Establish a game plan
That wasn’t the case for Virenda Gupta. He began thinking about the future of his business when he turned 60. He had faith that Amish was the best person to lead RETC, a 20-person firm that also has offices in Austin and Houston. Amish knew the business well, having worked at the firm at various times as a high school and college student. Plus, Virenda says, he was more confident in his son than an outsider taking over the business.
Virenda also knew Amish would bring skills and experience he gained at other jobs. Amish worked at consumer products giant Procter & Gamble, doing marketing and product management. He also got an MBA at the Kellogg School of Management at Northwestern University.
Sure, Amish felt the pull of family, but he also wanted to make sure joining the family business would make sense for him too. Being an entrepreneur was a big plus. So was having the flexibility to pursue his other business ventures, according to Amish. On the flip side, Amish would be giving up a coveted job with global investment firm the Carlyle Group in Washington.
“It wasn’t a done deal. He was the one who called me and said you should come back,” the now 35-year-old Amish Gupta says.

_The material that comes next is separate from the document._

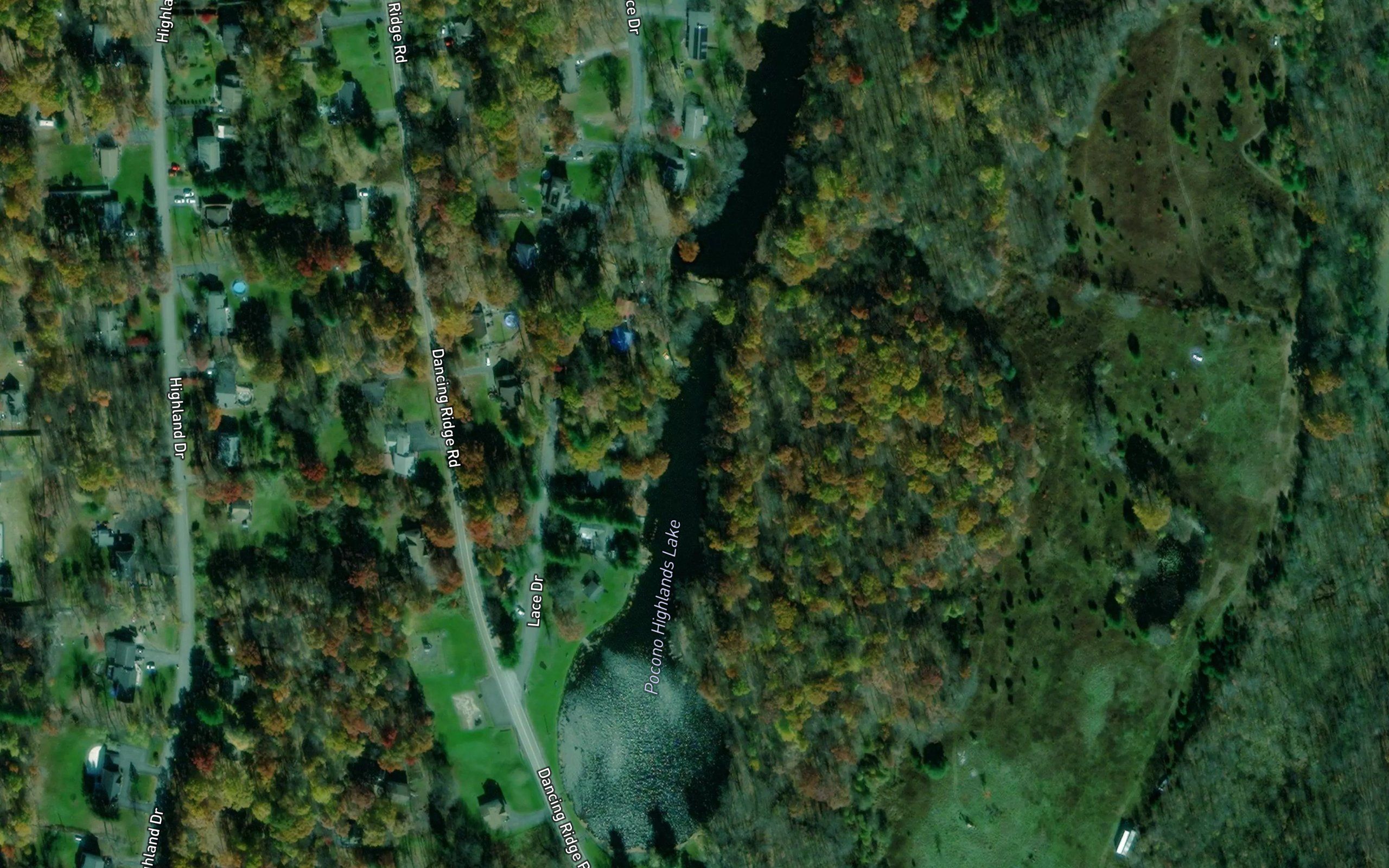 Pocono Highlands Lake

Before committing, Amish pushed to establish a “game plan” on major issues such as authority and responsibilities as well as compensation and equity. He hashed out with his father issues such as control over day-to-day decisions and long-term strategic goals for RETC. The company has a third board member who acts as a tiebreaker vote in case father and son can’t agree on a decision. Amish says he recalls only one instance in which they butted heads before reaching a consensus.
Even though talks over money can be difficult, Amish says he wanted to make sure he would be fairly compensated, especially since he had given up a lucrative career path. Pretty early on, Virenda says he gave Amish “a critical share” of the business.
“For folks like me, our opportunity cost is serious. I graduated business school in 2007 and I’m now at an age where my friends are becoming partners at consulting firms and banks. We’re talking folks who are making half a million plus or a million depending on the industry they’re in. That was the path I had given up,” Amish says.
With a succession plan in place, Amish joined RETC as its chief operating officer in 2010. Under Amish’s leadership, the firm has shifted into taking on more sophisticated tax cases for bigger clients. The firm also saw a major staff turnover, a typical occurrence under a new leader in any business. Over the years, Virenda, now 68, has scaled back his work to accommodate his travels.
Words of advice
Father and son say they have learned some lessons along the way about making a transition. They offer these pieces of advice on succession planning for family businesses:
- Don’t pressure your child or children to take over the business. There is a lot of pressure especially on children of immigrant entrepreneurs, Amish says. But forcing them to come back doesn’t help the business. Even if the child wants to work or take over the family business, it may be prudent to get outside experience. Amish credits his time at Carlyle and other companies for establishing “credence with my employees who respect me and my clients who respect me.”
- Have tough conversations upfront about how the succession will work. This should be done not just with parents but also siblings who may or may not be part of the business, Amish says. A year ago, a family friend approached him for advice because he was facing a similar decision to the one Amish faced five years ago. Amish told him this: “You have to ask for things upfront and ask for things before you agree to come back. If you ask afterwards, you have no recourse. You can’t really quit. You can, but with any other job, you make a clean cut; you can’t do that with family stuff.”
- Get your children or other interested family members involved with the business without any commitment, Virenda says. “It’s important to experiment. Even though you know your children and you know their intentions, once you work together, it’s a different matter,” he says.